The TEXAS Extended Campus, which offers noncredit online training courses to community members, is implementing the program. Karen Smid, extended campus’ director of enrollment and student services, said the program’s curriculum was developed with the United States Department of Defense and Socratic Arts, a custom-training development company.
“(The courses) fit with our mission of providing career readiness training that supports students in their career goals while meeting the needs of employers,” Smid said.
UT’s computer science department predicts more than three million unfulfilled jobs in the cybersecurity industry by 2021. The median starting salary for cybersecurity jobs in Austin is $86,000, according to a press release by TEXAS Extended Campus.

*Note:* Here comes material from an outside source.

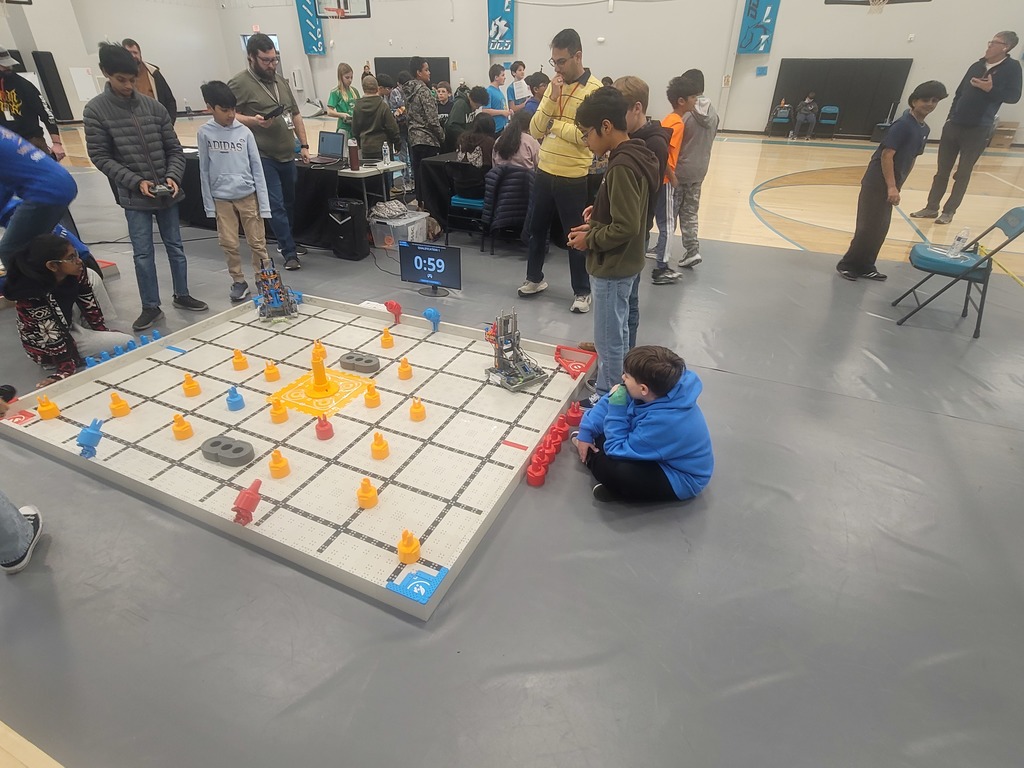 Cape Fear Middle School Grizzlies Represent at VEX Robotics Competition!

Smid said the certificate requires the completion of two courses, which span 14 weeks and collectively cost $5,600. After receiving the certificate, Smid said students will be eligible to enroll in an offensive cybersecurity certificate program scheduled to be released later.
“It is difficult to predict how many registrants to expect for a brand-new program,” Smid said. “Five people have already registered for course one. Ultimately, we hope that our programs will train at least 150 people a year to begin new cybersecurity careers.”

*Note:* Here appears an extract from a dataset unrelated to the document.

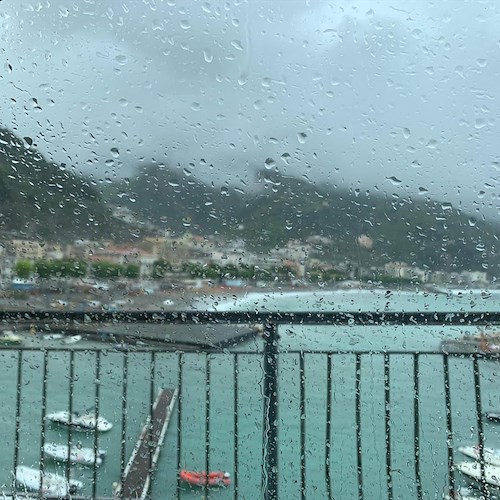 Perturbazione temporalesca da Nord a Sud, allerta meteo gialla anche in Costiera Amalfitana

Ray Bareiss, Socratic Arts’ senior vice president, said his company developed the program to help counter threats in the cyber landscape. He said the program’s courses will be entirely online and project based, where students operate as cyberdefenders or cyberattackers in simulations.
“There’s not many threats that are bigger than the threat of cybercrime and cyberattacks from adversarial countries,” Bareiss said. “The Department of Defense saw the need to develop scalable online training to address the tremendous shortage of cybersecurity people, and so we won a competitive bid contract to develop
this training.”
Bareiss said the program has no prerequisites and encourages anyone interested to apply.
“Rather than the people who have the really kind of high level, pre-existing technical skills, we try to encourage people with the right personalities to enroll. By that I mean people who are intensely curious about things, people who won’t give up on a problem no matter how difficult it is and people who are predisposed towards self-directed learning,” Bareiss said.
The program has been adopted by Rutgers University, Bareiss said, and Socratic Arts chose UT as its next launch site because it previously partnered with the University to implement another high-demand technical program for data analytics.
“Everything from your doorbell to your car to your pacemaker to your electrical system to you-name-it is online,” Bareiss said. “You know the old cliché, ‘What could possibly go wrong?’ Well, a lot could go wrong, and they need people to defend these things because people are constantly probing and attacking.”
Retired Navy Admiral Bobby R. Inman is the centennial chair in national policy at UT’s Lyndon B. Johnson School of Public Affairs. Inman said this development of new technology has imposed cybersecurity risks across the world and propelled the demand for cybersecurity professionals.
“You’ll find that all over the country, universities, corporations and state and local governments are trying to beef up their cybersecurity because of all the vulnerabilities that have been demonstrated,” Inman said.